1. **Check Logs**: Application logs show detailed error information
2. **Database State**: Verify data with database queries
3. **API Testing**: Use `/docs` interface for endpoint testing
4. **Agent Behavior**: Test individual agents separately

### Performance Optimization

1. **Database Queries**: Use SQLAlchemy query optimization
2. **Agent Execution**: Implement async patterns for agent orchestration
3. **Resource Management**: Monitor memory usage for large datasets

## 📊 System Architecture Overview

```mermaid
graph TD
    A[Frontend Request] --> B[FastAPI Router]
    B --> C[Route Handler]
    C --> D[Manager Layer]
    D --> E[Database Layer]
    D --> F[Agent System]
    F --> G[AI Models]
    G --> H[Code Generation]
    H --> I[Execution Environment]
    I --> J[Results Processing]
    J --> K[Response]
    
    subgraph "Agent Orchestration"
        F1[Individual Agents]
        F2[Planner Module]
        F3[Deep Analysis]
        F1 --> F2
        F2 --> F3
    end
    
    F --> F1
```

## 📈 Template Integration

The system uses **active user templates** for agent selection:

### Default Agents (Always Available)
- `preprocessing_agent` (individual & planner variants)
- `statistical_analytics_agent` (individual & planner variants)  
- `sk_learn_agent` (individual & planner variants)
- `data_viz_agent` (individual & planner variants)

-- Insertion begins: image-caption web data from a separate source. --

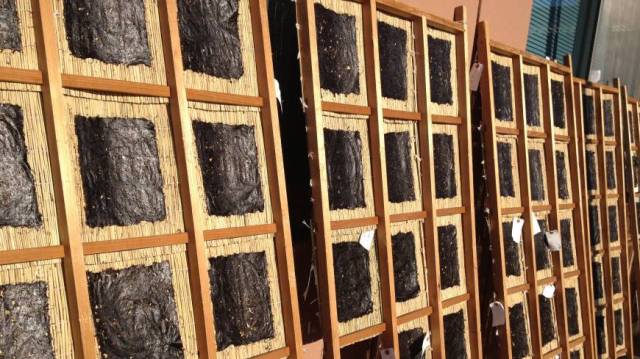 Image via The Japan Times.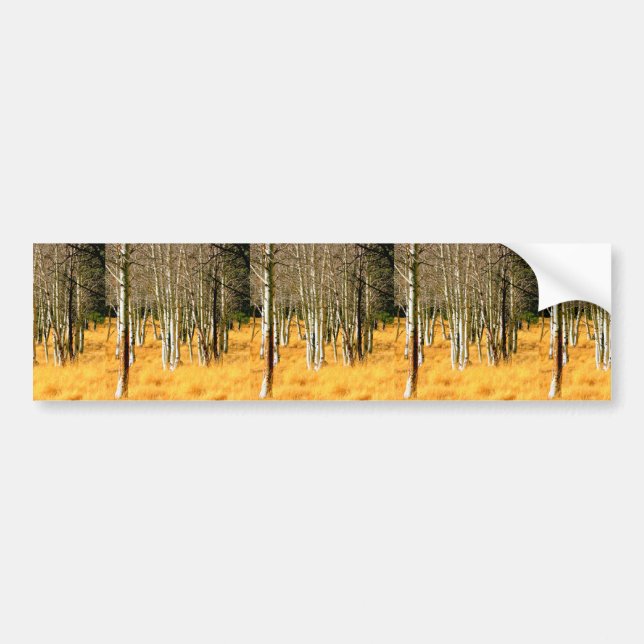 aspen woods bumper sticker (Front)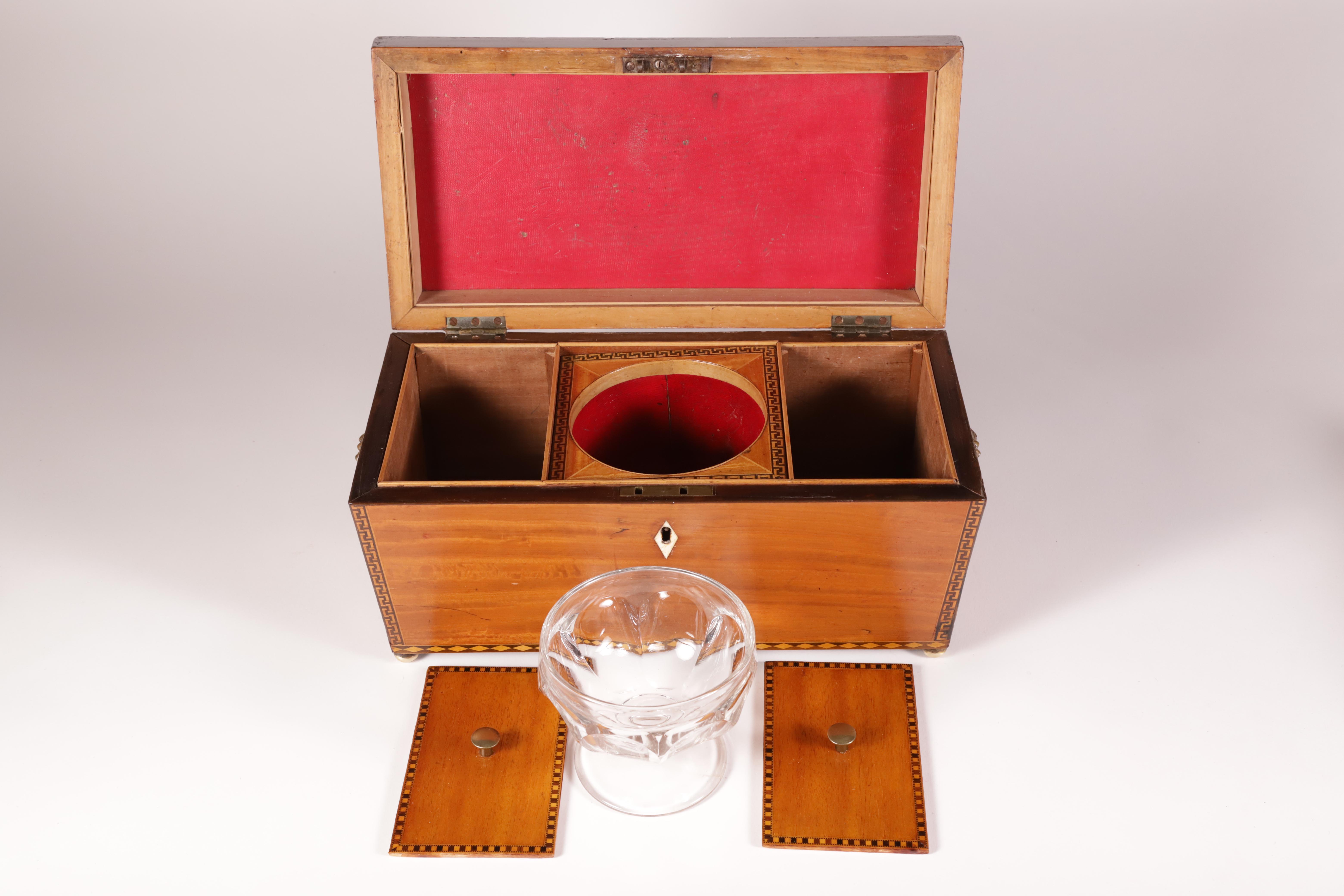 Large Satinwood Double Compartment Tea Caddy, 19th Century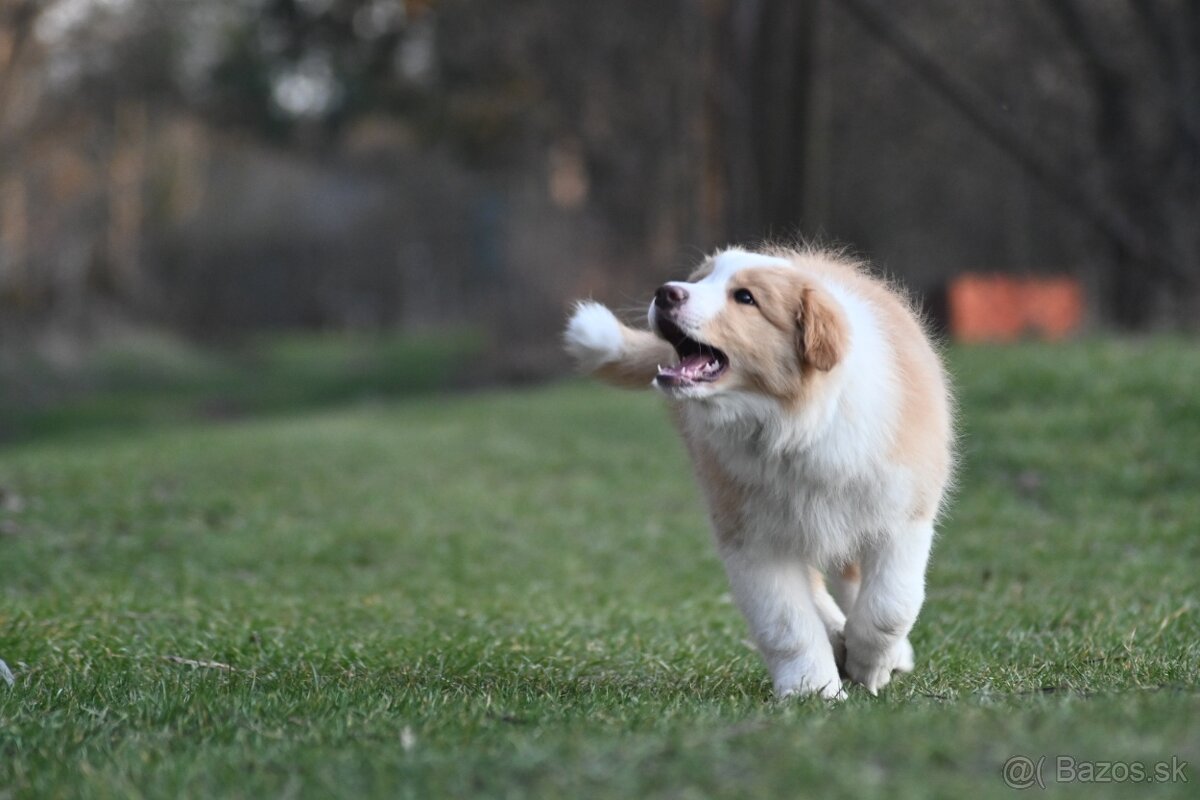 Border Collie / Border Kólia s PP - 5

### Template Loading Logic
1. **Individual Agent Execution** (`@agent_name`): Loads ALL available templates
2. **Planner Execution**: Loads user's enabled templates (max 10 for performance)
3. **Deep Analysis**: Uses user's active template preferences
4. **Fallback**: Uses 4 core agents if no user preferences found

This architecture ensures users can leverage their preferred agents while maintaining system performance and reliability.